Software

Hand it rows. Get back a predictor.

Estimator is a Python library that turns in-memory data tables into calibrated, deterministic, dict-in/dict-out predictors — without manual pipeline tuning, model selection, or file serialization.

Core Specs

  • ✓ Three-method API (init, evaluate, info)
  • ✓ Six model families, one wall-clock budget
  • ✓ Deterministic under fixed seed and data hash
  • ✓ In-memory, service-free library footprint

Secure and calibrated prediction for applied engineering

Estimator is an open-source lightweight tabular regression and Bernoulli-probability calibration Python library (currently at v0.16.0, with source code available on GitHub) designed to optimize the process of creating highly reliable predictors. Instead of forcing the user to manually select model parameters or write a preprocessing pipeline, the library automatically profiles incoming rows, selects appropriate losses, and trains six distinct model families under a shared wall-clock budget. By executing linear models, random forests, XGBoost, TabPFN v2, Gaussian processes, and symbolic regressions in parallel, it identifies the best performing single model or an equal-weighted ensemble, persisting the results directly through an injected storage adapter.
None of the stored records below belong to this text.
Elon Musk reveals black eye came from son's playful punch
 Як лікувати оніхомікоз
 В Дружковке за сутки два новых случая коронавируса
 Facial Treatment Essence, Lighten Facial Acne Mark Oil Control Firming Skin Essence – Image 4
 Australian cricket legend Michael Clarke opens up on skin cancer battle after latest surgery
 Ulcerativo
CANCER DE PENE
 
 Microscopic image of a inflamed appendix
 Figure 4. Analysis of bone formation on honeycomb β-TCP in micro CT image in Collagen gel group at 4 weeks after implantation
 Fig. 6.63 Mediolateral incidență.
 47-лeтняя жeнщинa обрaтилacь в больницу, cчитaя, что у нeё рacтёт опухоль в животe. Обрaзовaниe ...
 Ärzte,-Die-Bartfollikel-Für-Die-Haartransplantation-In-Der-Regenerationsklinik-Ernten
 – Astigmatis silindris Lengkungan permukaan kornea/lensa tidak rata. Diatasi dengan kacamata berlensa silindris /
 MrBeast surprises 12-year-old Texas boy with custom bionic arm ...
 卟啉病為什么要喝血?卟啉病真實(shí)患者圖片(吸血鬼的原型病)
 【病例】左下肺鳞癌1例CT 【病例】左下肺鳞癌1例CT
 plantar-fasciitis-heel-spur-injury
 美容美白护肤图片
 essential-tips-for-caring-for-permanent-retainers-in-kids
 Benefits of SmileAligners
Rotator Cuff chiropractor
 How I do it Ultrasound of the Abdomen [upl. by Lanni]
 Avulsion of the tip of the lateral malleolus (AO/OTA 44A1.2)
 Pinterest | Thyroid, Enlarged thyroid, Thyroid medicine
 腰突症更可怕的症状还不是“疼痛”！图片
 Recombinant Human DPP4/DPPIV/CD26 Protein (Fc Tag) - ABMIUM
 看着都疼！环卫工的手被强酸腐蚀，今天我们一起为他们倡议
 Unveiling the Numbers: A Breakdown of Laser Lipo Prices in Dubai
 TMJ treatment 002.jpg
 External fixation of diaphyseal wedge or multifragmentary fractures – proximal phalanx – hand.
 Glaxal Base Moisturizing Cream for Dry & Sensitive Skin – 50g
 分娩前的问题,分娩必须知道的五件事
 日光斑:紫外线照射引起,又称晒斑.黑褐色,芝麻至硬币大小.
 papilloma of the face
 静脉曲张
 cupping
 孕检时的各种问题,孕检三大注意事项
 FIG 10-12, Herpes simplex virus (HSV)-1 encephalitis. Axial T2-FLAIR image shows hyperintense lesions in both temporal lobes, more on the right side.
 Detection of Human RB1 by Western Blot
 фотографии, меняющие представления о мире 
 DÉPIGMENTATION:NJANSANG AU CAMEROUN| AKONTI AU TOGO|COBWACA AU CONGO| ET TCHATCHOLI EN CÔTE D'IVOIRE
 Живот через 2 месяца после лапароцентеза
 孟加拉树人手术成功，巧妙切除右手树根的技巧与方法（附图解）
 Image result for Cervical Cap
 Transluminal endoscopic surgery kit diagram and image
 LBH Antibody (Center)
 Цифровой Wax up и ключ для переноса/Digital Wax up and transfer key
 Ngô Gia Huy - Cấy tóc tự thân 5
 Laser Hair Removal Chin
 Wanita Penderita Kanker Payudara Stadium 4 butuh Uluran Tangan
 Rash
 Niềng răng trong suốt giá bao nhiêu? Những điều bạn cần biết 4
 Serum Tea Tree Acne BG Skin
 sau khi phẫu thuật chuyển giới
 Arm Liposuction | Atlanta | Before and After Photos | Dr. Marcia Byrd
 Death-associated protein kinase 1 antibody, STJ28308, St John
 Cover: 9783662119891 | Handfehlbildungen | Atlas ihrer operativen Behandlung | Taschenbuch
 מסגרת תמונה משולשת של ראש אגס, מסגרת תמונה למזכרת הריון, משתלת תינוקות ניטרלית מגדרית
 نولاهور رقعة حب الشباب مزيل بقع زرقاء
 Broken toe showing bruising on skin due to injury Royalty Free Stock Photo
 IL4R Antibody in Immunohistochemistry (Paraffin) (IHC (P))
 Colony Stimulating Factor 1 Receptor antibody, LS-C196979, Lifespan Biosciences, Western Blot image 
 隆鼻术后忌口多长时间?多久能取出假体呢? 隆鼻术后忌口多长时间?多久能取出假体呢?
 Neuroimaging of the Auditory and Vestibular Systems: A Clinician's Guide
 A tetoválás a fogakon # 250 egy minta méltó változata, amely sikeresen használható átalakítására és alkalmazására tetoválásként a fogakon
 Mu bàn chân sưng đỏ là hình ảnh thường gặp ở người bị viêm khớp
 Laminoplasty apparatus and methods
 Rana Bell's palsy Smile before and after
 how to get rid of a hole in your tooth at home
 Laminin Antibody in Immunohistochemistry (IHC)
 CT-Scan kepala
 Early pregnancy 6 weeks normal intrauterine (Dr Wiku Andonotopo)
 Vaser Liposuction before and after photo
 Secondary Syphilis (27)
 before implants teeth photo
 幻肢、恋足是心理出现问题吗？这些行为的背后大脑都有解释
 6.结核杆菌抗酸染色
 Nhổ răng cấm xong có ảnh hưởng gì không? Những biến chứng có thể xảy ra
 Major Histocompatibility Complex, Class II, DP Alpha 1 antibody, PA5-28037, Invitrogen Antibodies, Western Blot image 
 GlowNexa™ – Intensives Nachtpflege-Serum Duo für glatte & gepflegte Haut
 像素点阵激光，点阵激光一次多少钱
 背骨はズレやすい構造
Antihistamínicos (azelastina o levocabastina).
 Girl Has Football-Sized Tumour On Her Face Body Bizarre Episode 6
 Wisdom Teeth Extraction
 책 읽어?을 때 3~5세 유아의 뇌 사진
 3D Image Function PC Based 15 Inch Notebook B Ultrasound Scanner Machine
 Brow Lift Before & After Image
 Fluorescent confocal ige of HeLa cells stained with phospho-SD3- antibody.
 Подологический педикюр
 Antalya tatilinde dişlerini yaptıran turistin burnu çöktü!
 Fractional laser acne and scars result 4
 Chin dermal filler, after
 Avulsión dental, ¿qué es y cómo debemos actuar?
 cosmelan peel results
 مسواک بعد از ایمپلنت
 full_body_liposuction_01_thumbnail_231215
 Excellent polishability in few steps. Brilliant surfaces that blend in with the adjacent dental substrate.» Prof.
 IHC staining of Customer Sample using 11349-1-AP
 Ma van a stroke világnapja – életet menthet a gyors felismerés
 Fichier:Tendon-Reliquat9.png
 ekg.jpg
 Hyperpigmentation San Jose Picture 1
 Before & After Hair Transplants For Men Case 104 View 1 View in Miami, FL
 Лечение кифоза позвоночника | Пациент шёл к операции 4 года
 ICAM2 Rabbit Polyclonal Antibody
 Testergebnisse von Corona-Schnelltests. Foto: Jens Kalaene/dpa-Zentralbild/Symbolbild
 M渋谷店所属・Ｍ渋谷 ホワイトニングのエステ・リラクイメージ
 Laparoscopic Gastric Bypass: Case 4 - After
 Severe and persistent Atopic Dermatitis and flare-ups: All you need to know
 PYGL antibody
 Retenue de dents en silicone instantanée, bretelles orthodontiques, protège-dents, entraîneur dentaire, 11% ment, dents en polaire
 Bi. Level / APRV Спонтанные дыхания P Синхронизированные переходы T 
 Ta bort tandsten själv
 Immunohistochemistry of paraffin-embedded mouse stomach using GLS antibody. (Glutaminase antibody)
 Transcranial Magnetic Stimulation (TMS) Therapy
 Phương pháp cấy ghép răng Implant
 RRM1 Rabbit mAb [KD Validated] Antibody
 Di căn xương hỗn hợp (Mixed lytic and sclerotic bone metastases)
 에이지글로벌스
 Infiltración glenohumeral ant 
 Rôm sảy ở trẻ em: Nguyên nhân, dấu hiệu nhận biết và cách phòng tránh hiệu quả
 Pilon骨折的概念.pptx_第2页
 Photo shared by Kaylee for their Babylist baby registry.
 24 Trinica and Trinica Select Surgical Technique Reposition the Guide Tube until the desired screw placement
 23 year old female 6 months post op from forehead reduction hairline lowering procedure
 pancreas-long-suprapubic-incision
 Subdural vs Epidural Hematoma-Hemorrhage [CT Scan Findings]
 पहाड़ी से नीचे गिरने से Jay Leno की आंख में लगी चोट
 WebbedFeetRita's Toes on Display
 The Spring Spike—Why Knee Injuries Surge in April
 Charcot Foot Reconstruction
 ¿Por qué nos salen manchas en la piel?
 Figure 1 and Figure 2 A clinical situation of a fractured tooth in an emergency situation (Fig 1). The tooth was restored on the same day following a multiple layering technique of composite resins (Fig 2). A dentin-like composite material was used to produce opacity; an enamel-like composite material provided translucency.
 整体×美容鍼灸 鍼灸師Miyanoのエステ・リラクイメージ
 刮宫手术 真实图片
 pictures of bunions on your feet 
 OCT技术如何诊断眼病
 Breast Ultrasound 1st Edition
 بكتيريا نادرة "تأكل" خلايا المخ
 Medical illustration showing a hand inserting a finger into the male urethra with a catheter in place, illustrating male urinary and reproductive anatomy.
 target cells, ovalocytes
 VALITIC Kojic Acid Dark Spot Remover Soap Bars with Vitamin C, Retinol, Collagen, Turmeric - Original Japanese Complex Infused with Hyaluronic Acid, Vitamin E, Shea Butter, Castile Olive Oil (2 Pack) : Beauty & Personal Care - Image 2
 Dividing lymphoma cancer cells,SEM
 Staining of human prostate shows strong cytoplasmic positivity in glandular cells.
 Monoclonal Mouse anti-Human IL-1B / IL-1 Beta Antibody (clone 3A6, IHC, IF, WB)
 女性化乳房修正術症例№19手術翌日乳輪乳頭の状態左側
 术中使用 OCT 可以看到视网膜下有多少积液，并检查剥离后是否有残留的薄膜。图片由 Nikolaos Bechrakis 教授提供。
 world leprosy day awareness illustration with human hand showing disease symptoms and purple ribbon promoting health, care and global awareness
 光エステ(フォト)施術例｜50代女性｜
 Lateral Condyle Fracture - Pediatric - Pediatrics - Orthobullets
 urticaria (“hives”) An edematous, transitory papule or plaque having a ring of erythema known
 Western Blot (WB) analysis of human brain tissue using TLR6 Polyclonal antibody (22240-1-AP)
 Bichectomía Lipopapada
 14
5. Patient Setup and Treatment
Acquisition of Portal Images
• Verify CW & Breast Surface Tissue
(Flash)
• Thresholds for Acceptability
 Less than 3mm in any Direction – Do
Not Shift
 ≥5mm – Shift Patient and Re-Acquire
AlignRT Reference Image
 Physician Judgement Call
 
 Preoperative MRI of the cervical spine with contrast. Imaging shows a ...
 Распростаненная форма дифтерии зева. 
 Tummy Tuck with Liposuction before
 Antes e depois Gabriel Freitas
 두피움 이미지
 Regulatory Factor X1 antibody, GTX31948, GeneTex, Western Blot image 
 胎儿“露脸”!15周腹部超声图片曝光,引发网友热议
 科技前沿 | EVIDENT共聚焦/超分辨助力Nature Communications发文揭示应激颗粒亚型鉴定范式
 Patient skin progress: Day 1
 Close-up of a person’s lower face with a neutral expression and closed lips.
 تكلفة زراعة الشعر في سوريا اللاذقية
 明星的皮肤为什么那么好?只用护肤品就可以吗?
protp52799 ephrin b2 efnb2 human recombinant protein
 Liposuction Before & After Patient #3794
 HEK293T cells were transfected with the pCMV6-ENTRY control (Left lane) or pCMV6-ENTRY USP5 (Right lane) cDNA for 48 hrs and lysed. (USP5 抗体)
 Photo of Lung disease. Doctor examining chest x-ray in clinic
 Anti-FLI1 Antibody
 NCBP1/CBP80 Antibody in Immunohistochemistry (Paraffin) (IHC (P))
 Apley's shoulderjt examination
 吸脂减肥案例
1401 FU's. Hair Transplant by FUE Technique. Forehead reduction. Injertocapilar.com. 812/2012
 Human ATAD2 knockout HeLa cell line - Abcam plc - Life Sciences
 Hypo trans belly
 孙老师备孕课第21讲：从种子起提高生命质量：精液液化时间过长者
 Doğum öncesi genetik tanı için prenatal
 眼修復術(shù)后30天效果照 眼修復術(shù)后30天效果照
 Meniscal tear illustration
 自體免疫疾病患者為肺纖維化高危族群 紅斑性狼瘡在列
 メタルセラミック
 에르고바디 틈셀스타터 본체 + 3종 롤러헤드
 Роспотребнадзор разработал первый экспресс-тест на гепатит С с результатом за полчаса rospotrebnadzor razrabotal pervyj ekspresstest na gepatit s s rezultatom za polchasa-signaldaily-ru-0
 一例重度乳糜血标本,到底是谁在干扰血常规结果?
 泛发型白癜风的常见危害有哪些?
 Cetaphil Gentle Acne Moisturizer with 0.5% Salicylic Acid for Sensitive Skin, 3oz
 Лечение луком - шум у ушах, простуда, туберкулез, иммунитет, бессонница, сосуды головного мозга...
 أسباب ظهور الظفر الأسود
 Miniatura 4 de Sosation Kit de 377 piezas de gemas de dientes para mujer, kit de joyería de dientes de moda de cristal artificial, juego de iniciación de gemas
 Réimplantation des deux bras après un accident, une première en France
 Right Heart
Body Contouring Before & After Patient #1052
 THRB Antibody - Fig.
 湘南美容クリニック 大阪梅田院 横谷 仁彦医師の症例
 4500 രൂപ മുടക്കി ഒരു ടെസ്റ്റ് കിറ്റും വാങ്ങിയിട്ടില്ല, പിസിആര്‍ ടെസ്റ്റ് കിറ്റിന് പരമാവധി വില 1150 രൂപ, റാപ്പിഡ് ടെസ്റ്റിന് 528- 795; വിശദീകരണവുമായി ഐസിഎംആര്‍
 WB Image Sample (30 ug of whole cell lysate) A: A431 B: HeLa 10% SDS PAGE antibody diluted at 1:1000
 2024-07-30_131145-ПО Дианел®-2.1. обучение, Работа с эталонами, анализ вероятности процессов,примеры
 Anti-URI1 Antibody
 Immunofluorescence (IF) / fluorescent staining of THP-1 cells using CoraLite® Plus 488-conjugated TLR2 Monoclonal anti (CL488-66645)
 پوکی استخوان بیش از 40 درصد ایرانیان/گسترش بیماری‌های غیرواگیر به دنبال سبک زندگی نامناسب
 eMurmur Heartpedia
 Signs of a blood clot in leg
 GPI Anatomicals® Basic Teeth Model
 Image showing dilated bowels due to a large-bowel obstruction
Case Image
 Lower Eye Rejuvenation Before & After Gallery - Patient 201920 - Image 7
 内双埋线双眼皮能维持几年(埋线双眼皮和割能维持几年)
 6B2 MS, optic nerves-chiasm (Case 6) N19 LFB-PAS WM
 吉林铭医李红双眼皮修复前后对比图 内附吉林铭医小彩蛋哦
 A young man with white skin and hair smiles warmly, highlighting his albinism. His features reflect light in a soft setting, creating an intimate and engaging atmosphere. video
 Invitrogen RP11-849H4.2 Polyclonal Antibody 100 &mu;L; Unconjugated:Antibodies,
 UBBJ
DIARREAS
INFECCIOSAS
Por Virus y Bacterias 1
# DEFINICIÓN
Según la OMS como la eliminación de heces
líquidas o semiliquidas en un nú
Designed explicitly for Python developers and ML practitioners who already have tabular data in memory (typically fetched from a database or upstream service), Estimator prioritizes correctness, determinism, and calibrated uncertainty over leaderboard-winning heuristics. By utilizing a fixed seed and data fingerprint rather than timestamps, it ensures completely reproducible predictions and handles reload-vs-retrain decisions automatically. The library is completely in-memory, depends on no global state or service layers, and can be integrated into production environments in a matter of minutes.

Key Principles

  • Three-Method API: The entire public surface is defined by Estimator.init, evaluate, and info. Integration is measured in minutes, not days.
  • Six Families, One Budget: Seamlessly bridges Linear models, Random Forests, XGBoost, TabPFN v2, Gaussian Processes, and Symbolic Regression through a unified protocol.
  • Honest Evaluation & Calibrated Intervals: Uses a leak-proof 70/15/15 split for larger datasets ($n \geq 50$), and leave-one-out cross-validation (LOO-CV) for tiny tiers (4–49 rows), returning first-class conformal uncertainty intervals.
  • Determinism & Fingerprinting: Same data, seed, and config yields bit-identical outputs. Persistence is delegated through a simple three-method adapter contract (get/put/exists).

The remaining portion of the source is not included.